[Exercise prompt]: What you return must match the listing below character for character, minus any pictures.

[Records provided]:
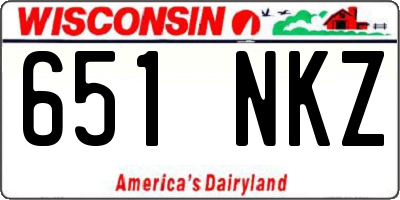 WI license plate 651NKZ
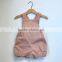 Summer Latest Design Baby Girls Clothes Toddler Soild Pink Jumpsuit Infant Sleeveless Linen Fabric Romper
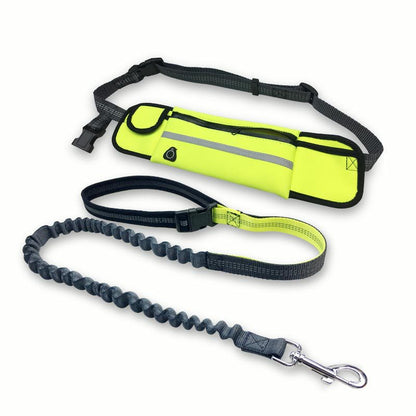 Hands-Free Dog Running Leash with Waist Pocket Adjustable Belt Shock Absorbing Bungee - Pets Crazy Shops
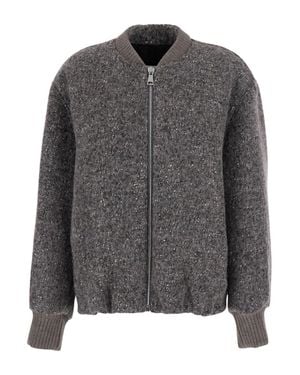 Tela V-Neck Long Sleeve Tech Fabric Top - Gray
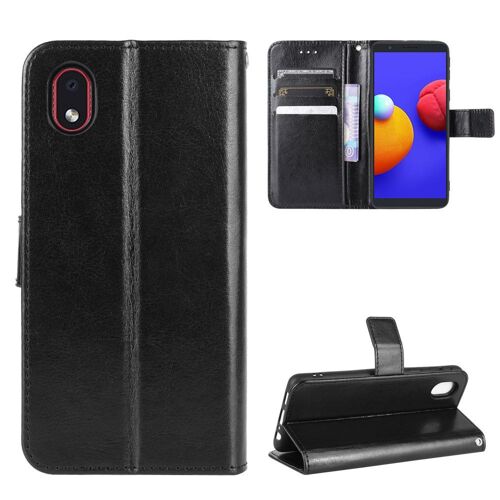 Etui type portefeuille Galaxy A01 CORE noir vintage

[Output for this task]:
 WI license plate 651NKZ
 Summer Latest Design Baby Girls Clothes Toddler Soild Pink Jumpsuit Infant Sleeveless Linen Fabric Romper
 Hands-Free Dog Running Leash with Waist Pocket Adjustable Belt Shock Absorbing Bungee - Pets Crazy Shops
 Tela V-Neck Long Sleeve Tech Fabric Top - Gray
 Etui type portefeuille Galaxy A01 CORE noir vintage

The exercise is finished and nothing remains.